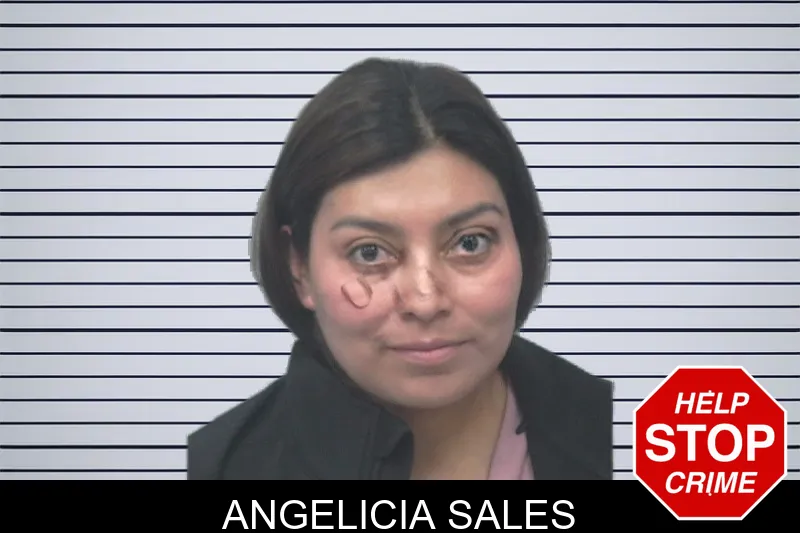 Angelicia Sales mugshot – Gwinnett County , Georgia Angelicia Sales mugshot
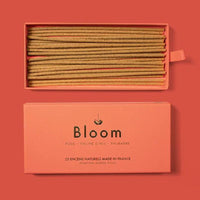 Coffret 25 bâtons Encens Naturels Artisanaux Bloom Flamingo Bloom Hersée Paris 9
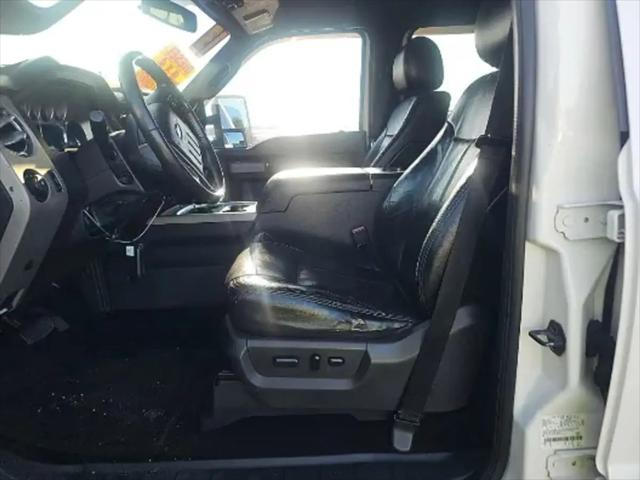 2013 Ford F-250 Lariat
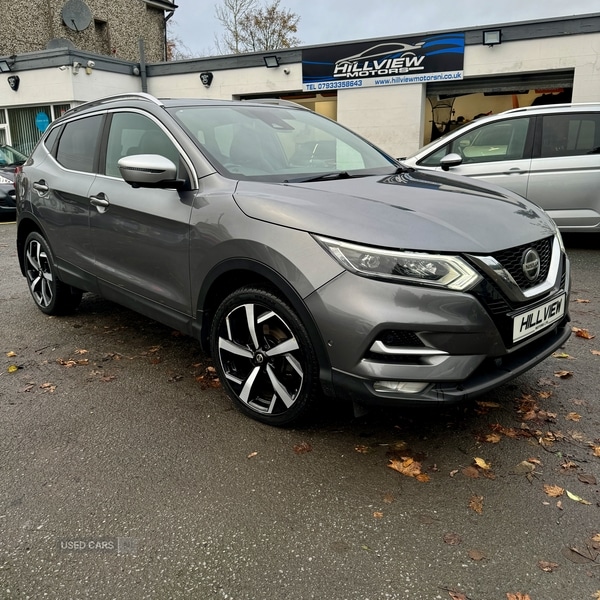 Used Nissan Qashqai 2019 for sale - 76486242: Photo 1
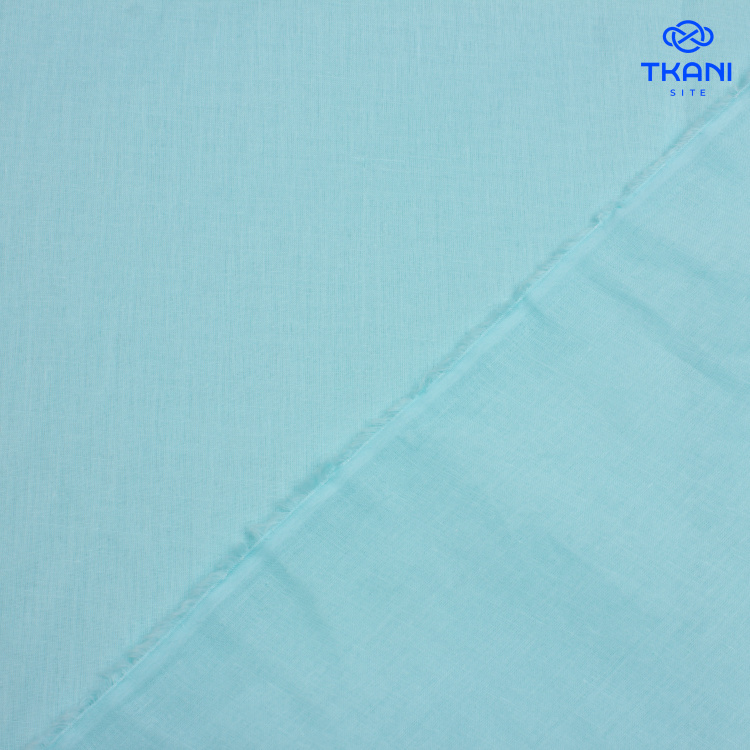 3862. Хлопок. Вуаль. Райский остров - фото 2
+ + +
* DESCRIPTION OF THE TASK
Please restate, word for word, the lines from the one with "Used Nissan Qashqai" through the final line of the material, both included, and omit the pictures.

* EXERCISE ANSWER
 Used Nissan Qashqai 2019 for sale - 76486242: Photo 1
 3862. Хлопок. Вуаль. Райский остров - фото 2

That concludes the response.